INPUT RECORDS:
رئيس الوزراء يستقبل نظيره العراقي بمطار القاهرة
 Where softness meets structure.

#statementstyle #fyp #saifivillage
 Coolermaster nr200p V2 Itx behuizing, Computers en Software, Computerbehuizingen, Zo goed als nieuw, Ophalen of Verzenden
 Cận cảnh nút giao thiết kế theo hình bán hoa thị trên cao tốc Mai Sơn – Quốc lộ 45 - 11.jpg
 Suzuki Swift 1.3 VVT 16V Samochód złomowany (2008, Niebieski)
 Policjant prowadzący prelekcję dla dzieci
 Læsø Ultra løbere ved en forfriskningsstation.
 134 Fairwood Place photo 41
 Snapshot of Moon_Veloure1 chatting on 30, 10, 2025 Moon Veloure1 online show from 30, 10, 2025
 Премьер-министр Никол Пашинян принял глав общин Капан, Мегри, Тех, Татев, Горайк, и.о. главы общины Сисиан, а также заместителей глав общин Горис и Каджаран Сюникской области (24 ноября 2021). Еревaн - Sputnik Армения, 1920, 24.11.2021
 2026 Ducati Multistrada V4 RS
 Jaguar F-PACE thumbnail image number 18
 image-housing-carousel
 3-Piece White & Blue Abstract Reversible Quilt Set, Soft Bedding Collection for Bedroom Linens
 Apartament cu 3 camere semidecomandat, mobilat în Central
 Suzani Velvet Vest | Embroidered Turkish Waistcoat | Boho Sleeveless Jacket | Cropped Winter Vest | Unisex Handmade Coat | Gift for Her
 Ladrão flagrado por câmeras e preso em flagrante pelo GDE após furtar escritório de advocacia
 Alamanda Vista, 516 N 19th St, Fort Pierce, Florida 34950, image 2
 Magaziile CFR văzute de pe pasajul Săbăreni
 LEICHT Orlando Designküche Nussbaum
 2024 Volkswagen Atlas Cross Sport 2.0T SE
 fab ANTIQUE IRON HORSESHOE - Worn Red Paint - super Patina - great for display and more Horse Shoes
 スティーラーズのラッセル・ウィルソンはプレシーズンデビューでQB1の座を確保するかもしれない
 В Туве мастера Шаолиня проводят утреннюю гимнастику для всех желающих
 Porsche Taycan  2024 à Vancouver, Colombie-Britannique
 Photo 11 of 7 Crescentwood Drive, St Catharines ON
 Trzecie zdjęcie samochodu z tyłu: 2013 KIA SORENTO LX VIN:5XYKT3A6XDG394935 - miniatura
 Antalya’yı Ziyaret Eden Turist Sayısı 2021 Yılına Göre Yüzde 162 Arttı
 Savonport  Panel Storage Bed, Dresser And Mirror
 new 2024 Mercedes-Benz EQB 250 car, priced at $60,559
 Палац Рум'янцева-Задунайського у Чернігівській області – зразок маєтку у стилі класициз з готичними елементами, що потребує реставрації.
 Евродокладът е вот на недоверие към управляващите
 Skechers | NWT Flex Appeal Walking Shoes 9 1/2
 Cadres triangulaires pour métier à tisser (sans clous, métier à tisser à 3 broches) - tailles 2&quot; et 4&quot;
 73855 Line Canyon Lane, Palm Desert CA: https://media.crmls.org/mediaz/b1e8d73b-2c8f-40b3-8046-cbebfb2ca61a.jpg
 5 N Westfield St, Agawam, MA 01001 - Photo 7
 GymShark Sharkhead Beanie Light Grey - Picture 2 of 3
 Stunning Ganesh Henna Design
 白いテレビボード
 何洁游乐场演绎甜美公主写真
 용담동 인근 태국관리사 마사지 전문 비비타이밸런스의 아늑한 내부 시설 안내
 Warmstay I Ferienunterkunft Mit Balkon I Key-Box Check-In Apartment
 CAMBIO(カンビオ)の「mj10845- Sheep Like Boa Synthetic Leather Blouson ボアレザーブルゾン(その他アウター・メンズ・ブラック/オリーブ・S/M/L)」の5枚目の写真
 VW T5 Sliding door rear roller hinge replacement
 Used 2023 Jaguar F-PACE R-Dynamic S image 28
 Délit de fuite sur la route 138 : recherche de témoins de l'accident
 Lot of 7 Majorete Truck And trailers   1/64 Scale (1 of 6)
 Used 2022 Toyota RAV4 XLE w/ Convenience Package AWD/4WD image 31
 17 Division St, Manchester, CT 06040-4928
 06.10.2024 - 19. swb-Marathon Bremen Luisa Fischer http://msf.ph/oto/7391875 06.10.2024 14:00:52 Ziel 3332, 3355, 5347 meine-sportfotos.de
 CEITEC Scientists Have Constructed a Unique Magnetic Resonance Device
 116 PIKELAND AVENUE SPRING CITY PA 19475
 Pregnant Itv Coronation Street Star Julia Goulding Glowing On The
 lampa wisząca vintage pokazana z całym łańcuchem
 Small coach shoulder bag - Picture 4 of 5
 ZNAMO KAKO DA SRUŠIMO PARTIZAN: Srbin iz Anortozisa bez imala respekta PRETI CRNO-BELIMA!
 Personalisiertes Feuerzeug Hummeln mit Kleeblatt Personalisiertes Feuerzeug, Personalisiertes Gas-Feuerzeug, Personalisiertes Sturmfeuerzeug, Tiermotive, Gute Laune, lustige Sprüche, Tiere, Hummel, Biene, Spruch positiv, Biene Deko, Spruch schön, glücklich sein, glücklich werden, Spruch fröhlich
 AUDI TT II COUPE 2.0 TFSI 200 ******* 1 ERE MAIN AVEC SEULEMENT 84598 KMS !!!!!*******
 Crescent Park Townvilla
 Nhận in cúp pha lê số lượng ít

HOW TO COMPLETE THIS TASK: From the first line of the data above through the line containing "Coolermaster nr200p V2", repeat each line exactly, and add nothing.

SOLUTION FOR THIS TASK:
رئيس الوزراء يستقبل نظيره العراقي بمطار القاهرة
 Where softness meets structure.

#statementstyle #fyp #saifivillage
 Coolermaster nr200p V2 Itx behuizing, Computers en Software, Computerbehuizingen, Zo goed als nieuw, Ophalen of Verzenden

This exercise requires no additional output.